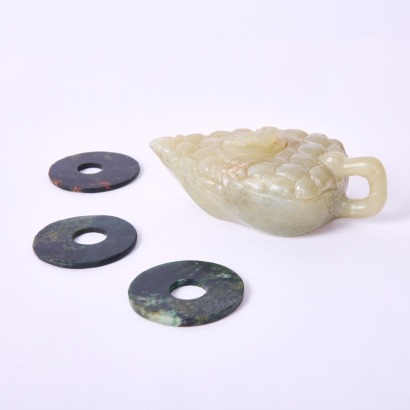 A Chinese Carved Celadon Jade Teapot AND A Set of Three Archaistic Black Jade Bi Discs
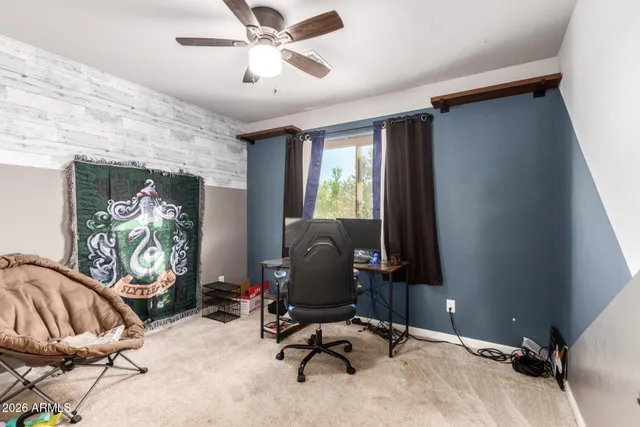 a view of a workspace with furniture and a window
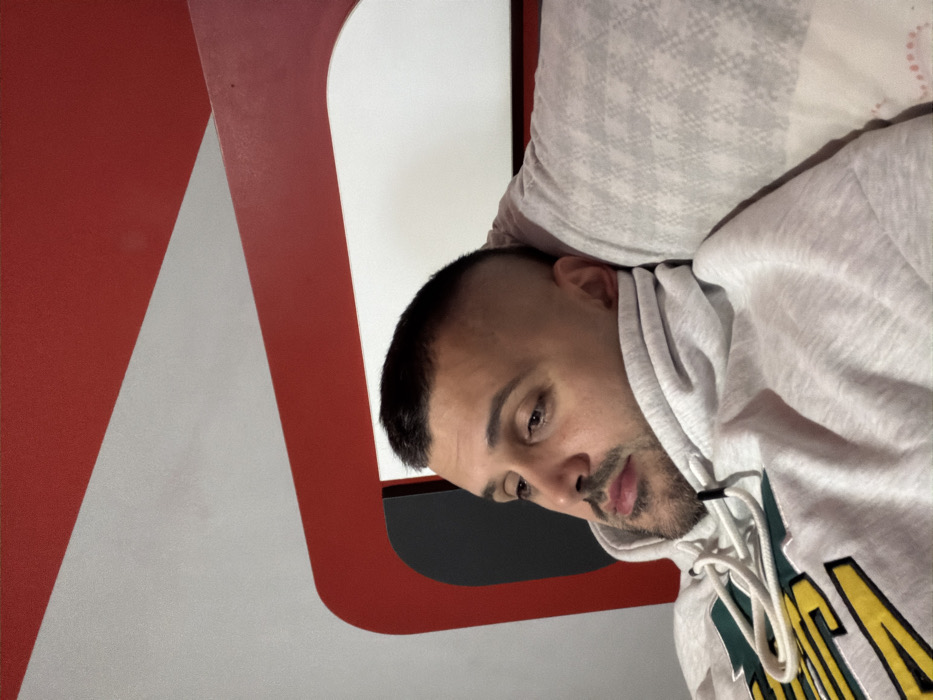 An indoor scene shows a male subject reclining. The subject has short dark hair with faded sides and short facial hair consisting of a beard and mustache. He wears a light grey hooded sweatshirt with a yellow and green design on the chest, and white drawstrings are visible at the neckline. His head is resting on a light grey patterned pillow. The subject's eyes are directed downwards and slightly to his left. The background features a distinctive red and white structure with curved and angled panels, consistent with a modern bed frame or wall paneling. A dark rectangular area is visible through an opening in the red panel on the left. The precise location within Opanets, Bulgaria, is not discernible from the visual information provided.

==

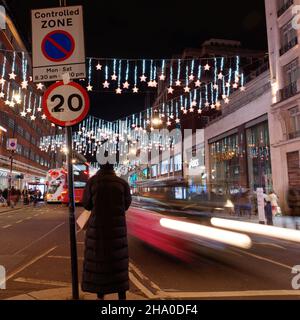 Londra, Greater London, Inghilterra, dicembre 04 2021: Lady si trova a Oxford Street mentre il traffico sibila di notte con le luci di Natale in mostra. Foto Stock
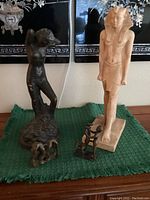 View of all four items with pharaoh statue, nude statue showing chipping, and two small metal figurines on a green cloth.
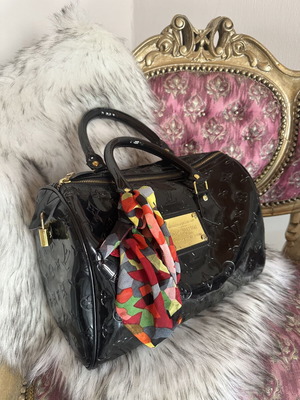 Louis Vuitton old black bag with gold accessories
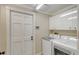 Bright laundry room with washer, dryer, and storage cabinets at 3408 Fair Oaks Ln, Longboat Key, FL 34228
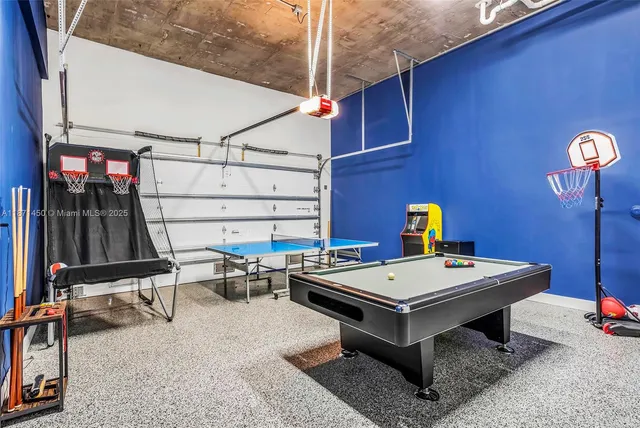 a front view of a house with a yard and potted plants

...

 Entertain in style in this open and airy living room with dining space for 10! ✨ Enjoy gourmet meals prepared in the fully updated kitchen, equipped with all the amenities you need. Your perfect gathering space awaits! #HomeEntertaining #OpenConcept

- _What to produce_: Would you set down only the lines above from the line with "A Chinese Carved" to the line with "An indoor scene", both included, exactly as they stand and without the pictures?

- _Written response_:
 A Chinese Carved Celadon Jade Teapot AND A Set of Three Archaistic Black Jade Bi Discs
 a view of a workspace with furniture and a window
 An indoor scene shows a male subject reclining. The subject has short dark hair with faded sides and short facial hair consisting of a beard and mustache. He wears a light grey hooded sweatshirt with a yellow and green design on the chest, and white drawstrings are visible at the neckline. His head is resting on a light grey patterned pillow. The subject's eyes are directed downwards and slightly to his left. The background features a distinctive red and white structure with curved and angled panels, consistent with a modern bed frame or wall paneling. A dark rectangular area is visible through an opening in the red panel on the left. The precise location within Opanets, Bulgaria, is not discernible from the visual information provided.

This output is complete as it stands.